--- INFORMATION SHOWN ---

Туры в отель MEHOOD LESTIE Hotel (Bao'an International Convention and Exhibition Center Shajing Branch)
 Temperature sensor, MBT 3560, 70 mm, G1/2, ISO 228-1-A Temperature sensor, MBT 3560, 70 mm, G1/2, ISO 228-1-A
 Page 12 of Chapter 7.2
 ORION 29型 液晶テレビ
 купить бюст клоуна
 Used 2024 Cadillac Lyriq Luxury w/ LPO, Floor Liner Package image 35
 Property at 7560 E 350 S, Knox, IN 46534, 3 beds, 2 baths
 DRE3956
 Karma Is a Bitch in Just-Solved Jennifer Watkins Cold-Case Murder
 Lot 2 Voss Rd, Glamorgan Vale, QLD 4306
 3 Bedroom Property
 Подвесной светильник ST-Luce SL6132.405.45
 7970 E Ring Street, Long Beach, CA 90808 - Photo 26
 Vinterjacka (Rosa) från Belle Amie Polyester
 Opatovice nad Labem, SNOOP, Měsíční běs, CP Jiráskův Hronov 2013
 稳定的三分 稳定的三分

---

TASK STATEMENT
Across the material, report every line that has the word "Property".

OUTPUT
 Property at 7560 E 350 S, Knox, IN 46534, 3 beds, 2 baths
 3 Bedroom Property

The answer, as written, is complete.